Speech Processing by Computer

LAB 4

SPECTRAL ANALYSIS AND MODELLING

This lab session demonstrates the use of spectral analysis applied to vowel sounds. Spectral analyses with different degrees of frequency resolution are compared. All-pole models of vowel spectra are calculated using linear prediction. A demonstration is made of the inversion of the linear predicted filter to provide an estimate of the glottal input to the vocal tract.

1. Frequency resolution of spectral analysis

(i) Acquire a steady vowel at 20000 samples/second.

(ii) Using the 'Esection' program, display and print spectral cross sections and LPC modelled spectral cross-sections corresponding to time windows of 1ms, 3ms, 10ms, 30ms and 100ms. You may need to adjust the analysis window size for the longer windows.

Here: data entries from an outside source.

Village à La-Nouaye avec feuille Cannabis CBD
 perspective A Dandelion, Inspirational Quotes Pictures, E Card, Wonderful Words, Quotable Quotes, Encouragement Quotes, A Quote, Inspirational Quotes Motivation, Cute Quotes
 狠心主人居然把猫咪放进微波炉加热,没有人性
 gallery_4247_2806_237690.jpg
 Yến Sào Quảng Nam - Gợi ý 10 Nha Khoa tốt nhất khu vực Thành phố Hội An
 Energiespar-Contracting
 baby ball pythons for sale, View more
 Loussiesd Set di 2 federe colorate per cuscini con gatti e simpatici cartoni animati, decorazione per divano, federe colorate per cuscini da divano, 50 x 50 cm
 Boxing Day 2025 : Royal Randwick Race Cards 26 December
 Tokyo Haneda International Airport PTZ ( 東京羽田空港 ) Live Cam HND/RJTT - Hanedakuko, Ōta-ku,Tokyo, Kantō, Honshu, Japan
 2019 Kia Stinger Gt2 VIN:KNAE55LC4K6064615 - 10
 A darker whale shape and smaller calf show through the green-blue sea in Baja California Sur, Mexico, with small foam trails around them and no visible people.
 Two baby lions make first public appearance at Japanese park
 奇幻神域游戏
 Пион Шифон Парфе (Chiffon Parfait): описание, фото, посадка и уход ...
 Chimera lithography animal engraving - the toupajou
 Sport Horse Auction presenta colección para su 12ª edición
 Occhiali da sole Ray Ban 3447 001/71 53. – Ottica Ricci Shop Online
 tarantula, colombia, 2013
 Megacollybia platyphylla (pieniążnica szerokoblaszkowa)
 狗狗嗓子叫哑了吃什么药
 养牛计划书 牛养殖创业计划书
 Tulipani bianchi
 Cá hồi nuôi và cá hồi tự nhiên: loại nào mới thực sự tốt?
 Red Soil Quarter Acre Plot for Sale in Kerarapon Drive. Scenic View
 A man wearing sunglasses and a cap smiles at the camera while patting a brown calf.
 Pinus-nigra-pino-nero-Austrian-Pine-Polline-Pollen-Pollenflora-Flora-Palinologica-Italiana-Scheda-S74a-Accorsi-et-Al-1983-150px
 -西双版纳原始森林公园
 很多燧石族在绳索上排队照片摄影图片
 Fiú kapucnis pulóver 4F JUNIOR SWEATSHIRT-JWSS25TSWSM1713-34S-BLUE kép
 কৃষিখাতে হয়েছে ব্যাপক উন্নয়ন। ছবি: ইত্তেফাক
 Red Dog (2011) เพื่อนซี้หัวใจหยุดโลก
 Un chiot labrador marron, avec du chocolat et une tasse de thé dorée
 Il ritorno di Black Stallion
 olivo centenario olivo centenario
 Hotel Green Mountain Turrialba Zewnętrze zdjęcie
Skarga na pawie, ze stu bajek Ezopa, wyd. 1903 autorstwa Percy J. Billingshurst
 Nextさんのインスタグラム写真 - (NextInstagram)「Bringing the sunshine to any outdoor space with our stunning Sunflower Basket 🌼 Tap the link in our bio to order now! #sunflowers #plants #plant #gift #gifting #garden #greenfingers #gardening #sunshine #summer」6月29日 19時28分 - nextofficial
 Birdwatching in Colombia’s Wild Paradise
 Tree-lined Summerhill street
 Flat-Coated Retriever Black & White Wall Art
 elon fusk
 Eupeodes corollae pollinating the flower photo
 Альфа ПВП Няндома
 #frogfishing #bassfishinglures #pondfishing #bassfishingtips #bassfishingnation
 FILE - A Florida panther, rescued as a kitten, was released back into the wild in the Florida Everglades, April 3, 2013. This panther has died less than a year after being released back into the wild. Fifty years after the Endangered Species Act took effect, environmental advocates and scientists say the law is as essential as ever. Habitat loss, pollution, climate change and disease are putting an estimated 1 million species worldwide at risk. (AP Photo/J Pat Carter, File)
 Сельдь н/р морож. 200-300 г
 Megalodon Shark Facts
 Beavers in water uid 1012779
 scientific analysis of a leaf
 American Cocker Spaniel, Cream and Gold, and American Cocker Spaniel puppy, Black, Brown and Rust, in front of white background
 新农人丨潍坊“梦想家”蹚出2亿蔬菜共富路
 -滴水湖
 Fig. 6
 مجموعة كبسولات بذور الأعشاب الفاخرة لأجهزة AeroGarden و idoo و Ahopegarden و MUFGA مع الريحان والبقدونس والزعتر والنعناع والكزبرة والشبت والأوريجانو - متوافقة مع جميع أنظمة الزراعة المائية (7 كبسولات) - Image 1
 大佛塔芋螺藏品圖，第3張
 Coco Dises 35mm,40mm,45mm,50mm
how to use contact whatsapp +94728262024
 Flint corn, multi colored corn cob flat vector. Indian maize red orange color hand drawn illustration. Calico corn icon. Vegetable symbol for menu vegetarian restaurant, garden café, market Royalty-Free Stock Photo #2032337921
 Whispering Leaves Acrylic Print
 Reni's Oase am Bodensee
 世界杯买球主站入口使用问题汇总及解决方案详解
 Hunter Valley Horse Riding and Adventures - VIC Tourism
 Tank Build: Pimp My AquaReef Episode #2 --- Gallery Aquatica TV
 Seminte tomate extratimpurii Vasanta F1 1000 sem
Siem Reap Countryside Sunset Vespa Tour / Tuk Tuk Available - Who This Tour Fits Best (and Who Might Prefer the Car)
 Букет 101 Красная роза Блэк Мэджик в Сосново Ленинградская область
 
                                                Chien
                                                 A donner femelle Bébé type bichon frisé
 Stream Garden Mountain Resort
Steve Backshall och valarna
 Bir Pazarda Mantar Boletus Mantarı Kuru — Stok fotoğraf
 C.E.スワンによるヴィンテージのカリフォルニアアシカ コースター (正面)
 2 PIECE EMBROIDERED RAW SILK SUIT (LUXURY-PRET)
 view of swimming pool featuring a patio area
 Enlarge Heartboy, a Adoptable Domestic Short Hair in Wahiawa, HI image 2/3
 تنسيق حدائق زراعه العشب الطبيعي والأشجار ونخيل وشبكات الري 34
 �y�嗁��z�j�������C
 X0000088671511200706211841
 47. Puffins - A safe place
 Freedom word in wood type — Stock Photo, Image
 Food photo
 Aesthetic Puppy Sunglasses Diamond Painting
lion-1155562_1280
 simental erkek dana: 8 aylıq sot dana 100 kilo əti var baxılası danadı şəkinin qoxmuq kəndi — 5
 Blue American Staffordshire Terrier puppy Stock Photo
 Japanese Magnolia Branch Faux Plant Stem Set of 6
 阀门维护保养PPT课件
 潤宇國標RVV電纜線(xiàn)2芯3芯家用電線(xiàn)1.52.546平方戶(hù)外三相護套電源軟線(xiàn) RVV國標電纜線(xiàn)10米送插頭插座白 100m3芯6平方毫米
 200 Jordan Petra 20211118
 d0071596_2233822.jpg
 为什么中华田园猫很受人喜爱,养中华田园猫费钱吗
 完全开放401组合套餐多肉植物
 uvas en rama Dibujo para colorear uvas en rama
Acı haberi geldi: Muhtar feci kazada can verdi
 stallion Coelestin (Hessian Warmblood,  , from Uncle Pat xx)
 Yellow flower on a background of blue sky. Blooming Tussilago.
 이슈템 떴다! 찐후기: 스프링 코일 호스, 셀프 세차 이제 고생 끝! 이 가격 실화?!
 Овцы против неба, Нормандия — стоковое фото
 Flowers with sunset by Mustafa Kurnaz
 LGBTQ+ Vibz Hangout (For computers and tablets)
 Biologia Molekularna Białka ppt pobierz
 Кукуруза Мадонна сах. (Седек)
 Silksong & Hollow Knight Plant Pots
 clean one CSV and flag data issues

(iii) Estimate the accuracy to which a frequency component may be identified in each case and for each type of analysis.

(iv) Explain why different resolutions may be required to determine fundamental frequency as opposed to formant frequency.

(v) Contrast the LPC modelled spectra with DFT spectra. What are the useful characteristics of the modelled spectra?

2. Inverse-filtered waveforms

(i) Acquire a monophthongal vowel on a falling pitch at 10,000 samples/sec.

(ii) Use the 'Eswin' program to copy about 0.1 seconds of the vowel region to a new file.

(iii) Use the 'invfilt' program to (a) calculate a vocal tract filter from this signal, (b) to invert this filter, (c) to filter the original signal back through the inverted filter, and (d) to save the glottal pressure wave and two successive integrations of the glottal pressure wave.

(iv) Display the waveform and a spectrogram of the original and inverse filtered signals. Explain what you see. Replay the original and inverse filtered signal - can the quality of the vowel still be identified?

(v) Repeat steps (i) to (iv) with a different vowel.

3. Inverse-filtered spectra

(i) Use the ‘Esection’ program to acquire some different vowels at 10,000 samples/sec.

(ii) Use the ‘view source spectrum’ option to study the inverse filtered spectrum for the different vowels.

(iii) How well is the inverse filtering able to remove the effects of the filter?